Görüşümüzü yansıtalım:
Uygur Türkleri bizim için önemlidir ve namus meselesidir. Soydaşlarımıza karşı yılardır zulüm uygulanıyor. Aşı alımı başka, Uygur konusu başkadır. Bunları birbirinden ayrı tutmak gerekiyor. Aşı konusu tamamen ticari bir konu olarak değerlendirilmeli ve suçluların iadesi konusu ile karıştırılmamalıdır. Biz, eğer iddia doğruysa Türkiye’nin bu konuda dik durması gerektiği görüşündeyiz.
Kaldı ki, Uygur Türkleri konusu Cumhur İttifakının ortağı MHP’nin kırmızı çizgisidir.
Konu Meclis Genel Kuruluna geldiğinde MHP’nin bu konuda tavrı ne olur?
Bizi düşündüren bir başka konu da, medyamızın bu konudaki sessizliği olmuştur.

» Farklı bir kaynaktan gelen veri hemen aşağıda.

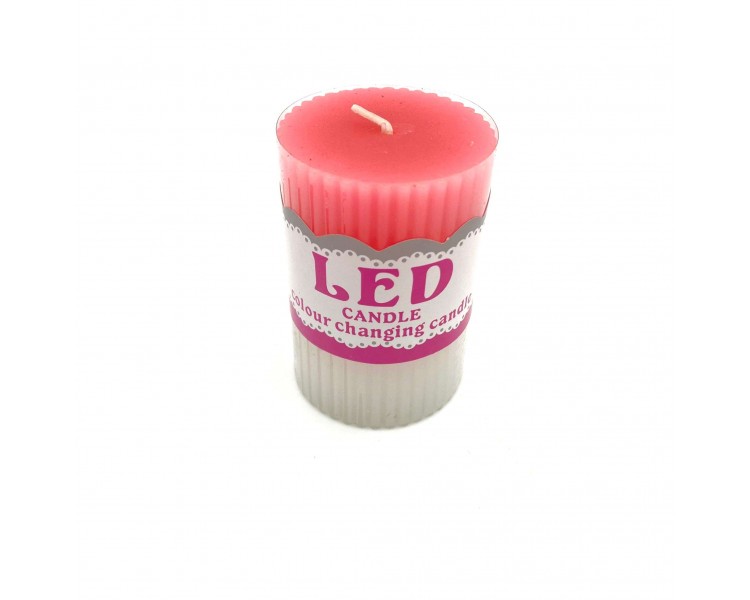 Candela Led Bicolore Bianco Rosa 8x5 Candela Led Bicolore Bianco Rosa 8x5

Geçenlerde Karar Gazetesi yazarı Mustafa Karaalioğlu bu konuyu gündeme taşıdı. Karaalioğlu’nun bu konudaki yazısından kısa bir alıntı yaptık:
“Çin’in Doğu Türkistan’daki Müslüman Uygurlar’a uyguladığı sistematik baskı ve zulüm dünyanın en önemli insan haklı meselelerinden birisidir. Çin hükümeti, öteden beri Uygur halkına karşı baskı uygulamaktadır ve baskılar son dönemde toplama kampları boyutuna ulaşmıştır. Yüzyıllardır şimdi bulundukları topraklarda yaşayan insanlar bugün artık modern zaman yöntemleriyle baskı altına alınıyor, takip ediliyor, sürülüyor, fişleniyor ve hatta yüz tanıma sistemleriyle arşivlenip terörist muamelesi görüyor. Bir mesele, İslam dünyası için bundan daha trajik olamazdı. Aynı zamanda Türkiye için de. Dahası… Batı kamuoyu ve sivil toplum örgütleri, dünyaca ünlü batılı markaların Doğu Türkistan’da baskı altındaki insanların çalıştığı fabrikalarda ürettiği ürünleri protesto ve boykot ettiler. Bu sayede birçok marka o bölgedeki üretimlerine son vermek zorunda kaldı. Yani dünya, Türk halkının soydaşlarıyla ve İslam ülkelerinin dindaşlarıyla dayanışma halindeyken Türkiye ve İslam coğrafyası sessizliğe gömülmüş durumdadır. Şimdi ise Türkiye ile Çin arasında suçluların iadesi anlaşması gündemi var. Zulmün zirveye çıktığı üç yıl öncesinde sessiz sedasız imzalanan anlaşma Çin parlamentosunda kabul edildi ve TBMM’de de kabul aşamasına geldi. Tasarı, Cumhurbaşkanı’nın imzasıyla Meclis’e gönderildi ve Meclis Dışişleri Komisyonu’nda bulunuyor. Dolayısıyla genel kurula inmesi, oylanması an meselesi. Bu metnin kabul edilmesi demek, zaten Çin rejiminin gözünde terörist olan Türkiye’ye canlarını kurtarmak için sığınmış ve halen vatandaşlık alamayan Uygur Türkleri’nin geri gönderilmesi yolunun ardına kadar açılması demektir. Bilmem söylemeye gerek var mı? Anlaşmanın kesinlikle onaylanmaması ve gündemden kaldırılması gerekir. Hükümet zaten duyarsız kaldığı bu meselede dünyanın gerisine düşecek bir noktaya gerilememelidir. Aksi takdirde tarihe mal olacak bir yanlış ve uzun yıllar silinmeyecek bir ayıba imza atılmış olur. Mağdur, mazlum ve baskı altındaki haklarla dayanışma sözleri de anlamını yitirir. Hükümet bugüne kadar Çin’in Uygurlara zulmü konusunda sessiz, kararsız, hatta aciz kaldı ama şimdi gündem olan konu daha büyük önem arzediyor. Türkiye’yi bu haksızlığın parçası, ortağı yapacak bir zemin hazırlıyor. “
Uygur Türkleri konusu öyle görünüyor ki daha çok gündemde kalacak ve baş ağrıtacaktır.
Ancak şunu özellikle belirtelim:
Türkiye, Çin ile olan ilişkilerini sürdürsün bu başka bir şey. Ama, soydaşlarımızın durumu ile de yakından ilgilensin. Bu da bizim için onur meselesidir.